O resultado preliminar sobre os acidentes no rio Madeira está disponível em artigo.
Foi verificado, por exemplo, que o acidente mais comum é abalroamento.
O tipo de embarcação com maior envolvimento é o empurrador com balsa (comboio).
A proposta do estudo é que seus resultados contribuam para planejar estratégias de prevenção de acidentes nos rios amazônicos.
Os dados apresentados no presente trabalho podem contribuir para planejar estratégias de prevenção de acidentes nos rios.

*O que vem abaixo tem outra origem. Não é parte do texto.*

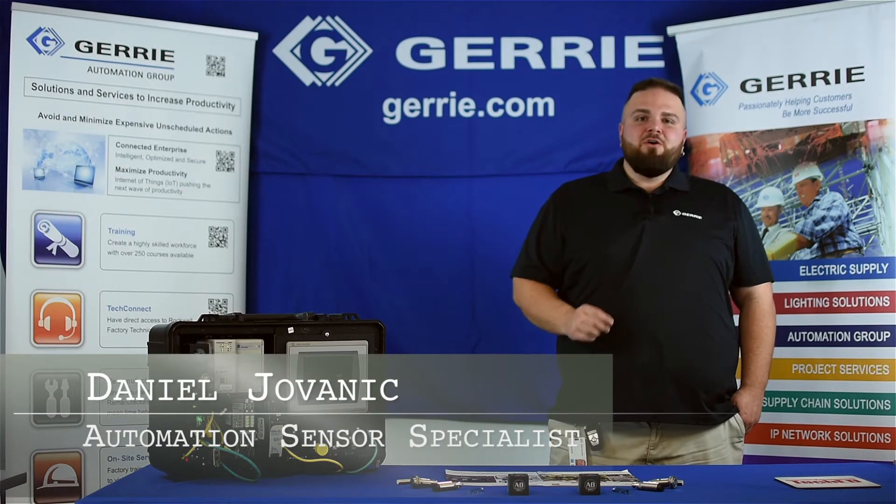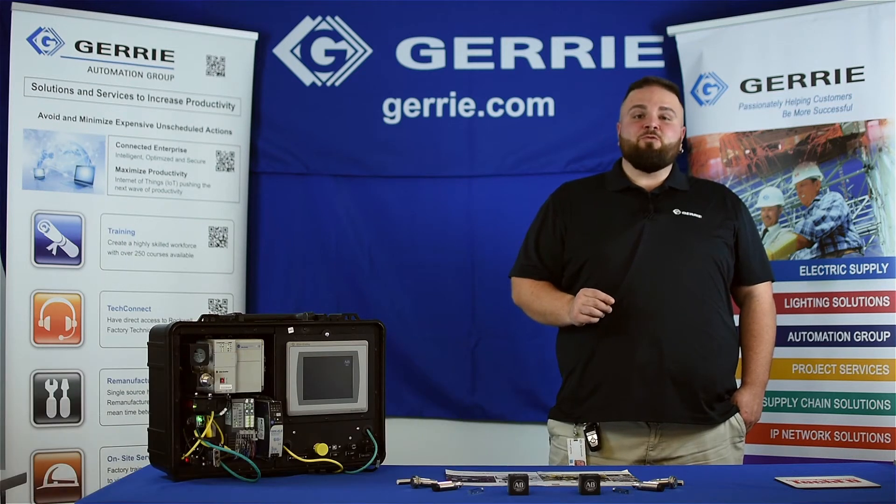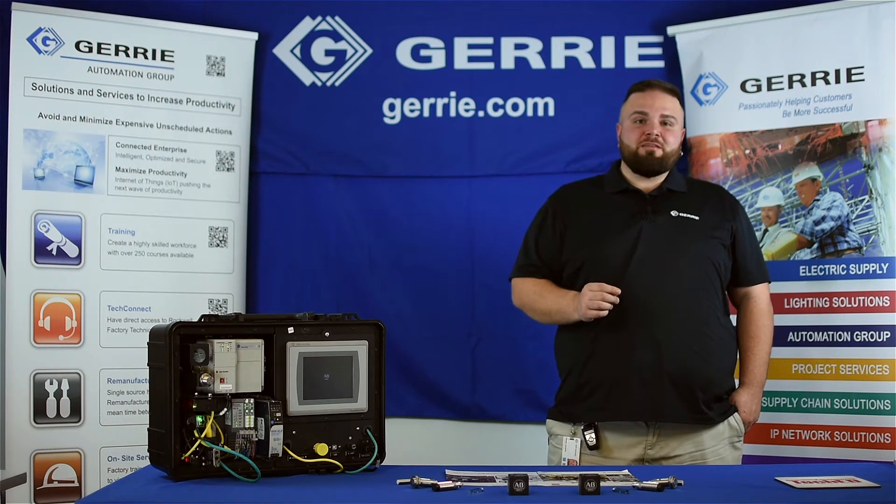Hi, I'm Daniel with Gary Electric. Photoelectric sensing can be one of the trickier subjects based on the fact that there is a wide variety of sensors out there. Which do you choose and why? Today we're going to talk about retroreflective sensors and polarized retroreflective sensors.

“Embora esses insipientes esforços, o curso de engenharia naval da UEA tem limitações significativas no acompanhamento das hidrovias amazônicas, incluindo a do rio Madeira”, reconhece o professor-doutor Eduardo Barreda, coordenador do curso.

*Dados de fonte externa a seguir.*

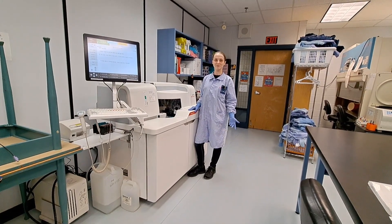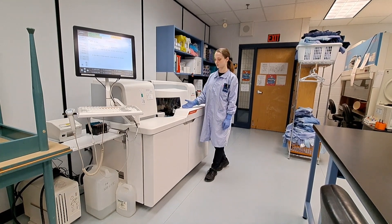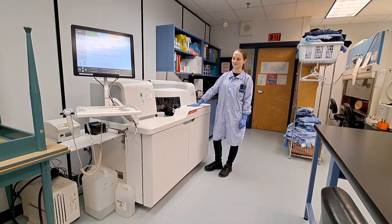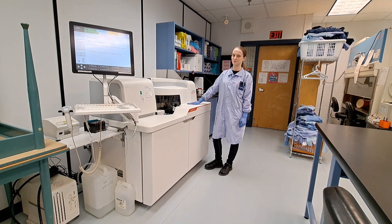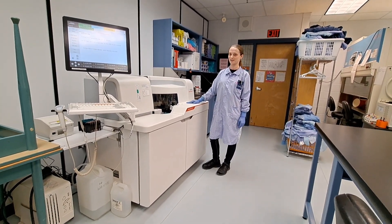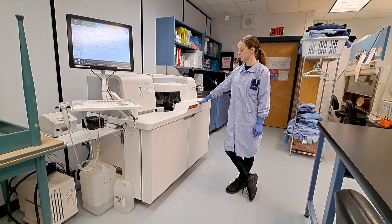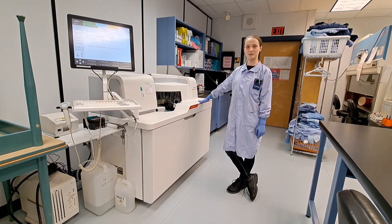Hello and welcome back to the lab. My name is Liza and I'll be navigating you through our Siemens Dimension EXL-200 — far too many words, so from here on out we'll refer to it as either the Dimension or EXL. I'll quickly navigate you throughout this analyzer and then I'll show you how to do some QC and patient testing.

Atualmente, o monitoramento do grupo de pesquisa é realizado, principalmente, com base na experiência e conhecimento dos estudantes, muitos dos quais são provenientes de cidades ribeirinhas ao longo do rio Madeira, segundo informa o coordenador.

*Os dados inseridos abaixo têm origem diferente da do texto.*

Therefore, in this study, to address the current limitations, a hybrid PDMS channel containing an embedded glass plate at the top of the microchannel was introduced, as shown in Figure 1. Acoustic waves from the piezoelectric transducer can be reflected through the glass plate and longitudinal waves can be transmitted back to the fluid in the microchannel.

Ele explica que o curso carece de laboratórios e recursos adequados para realizar expedições de campo para acompanhar, de forma mais efetiva, as hidrovias amazônicas.
“Essa falta de infraestrutura pode impactar a qualidade da formação dos estudantes e a capacidade do curso de engenharia naval de oferecer uma experiência acadêmica mais abrangente e prática em relação às hidrovias da região amazônica”, disse.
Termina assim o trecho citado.